Mar'Sean played football, too. He was a safety at UAB who had a tryout with the Vikings in 2019.

It was their dad who got the boys started in the "family business." Aron was their first coach and took them to practice every day before he died.

Stefon and Trevon were always close as kids, but losing their father brought them even closer. Stefon used to walk Trevon to and from school and was there to defend his little brother when necessary.

Added Trevon, "People didn't want to mess with me because I would tell them I'd call my brother."

Stefon was a standout player as a freshman at Our Lady of Good Counsel High School in Olney, Maryland. He was ranked as the No. 13 prospect in the nation in the Class of 2012 by ESPN.

"Stefon could've gone to any college in the country but chose to stay close to home," Stephanie said. "I sat Stefon down in high school and told him he had to make good decisions and set a good example because your brother looks up to you."

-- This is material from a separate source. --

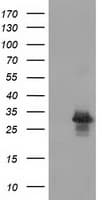 RASD2 Antibody (clone OTI1G8)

Although he received offers from bigger programs, Stefon went to Maryland so he could be close to his family.

Choosing his own way

While Stefon was playing at Maryland, Trevon carved out his own standout high school career as a wide receiver and defensive back at the Avalon School in Wheaton, Maryland.

Trevon felt like everyone was gunning for him because he was Stefon's little brother and the perception was that he didn't earn his reputation. Trevon said he didn't care about what others thought because he was "going to get his regardless." There was pressure on Trevon -- who had offers from many of college football's biggest programs, including Clemson and Alabama -- to go to Maryland like his brother.

As with everything else, Trevon sought counsel from his oldest brother. Stefon's advice was simple: "Do what's best for your life."

Trevon had Stefon by his side when he announced on national signing day Alabama would be his choice. Trevon didn't want to go to Maryland because he knew everything he did would be compared to Stefon.

"He did the Maryland thing and tore it up," Trevon said. "Why would I go somewhere where a bar is already set? ... I'd always be in comparison to everything that he did. I was even playing receiver at the time. I wasn't trying to be under his shadow."

Going to Alabama was a way to establish a name for himself.

"It was the best school for me," Trevon said. "There were so many players down there. I wanted to be at the best program and win championships."

A big change pays off

Trevon played receiver his first season at Alabama, with 11 catches for 88 yards and a touchdown. But he made the switch to cornerback as a sophomore at Saban's suggestion. The key for Trevon was trusting Saban's plan. Trevon went to Stefon for advice all the time while in college.

"His brother plays a big role. If there's anybody he's going to consult with, it's his brother," Alabama teammate Terrell Lewis said. "You can tell he gets all of his insight and advice from his big brother. That's a blessing to have someone in your corner like that."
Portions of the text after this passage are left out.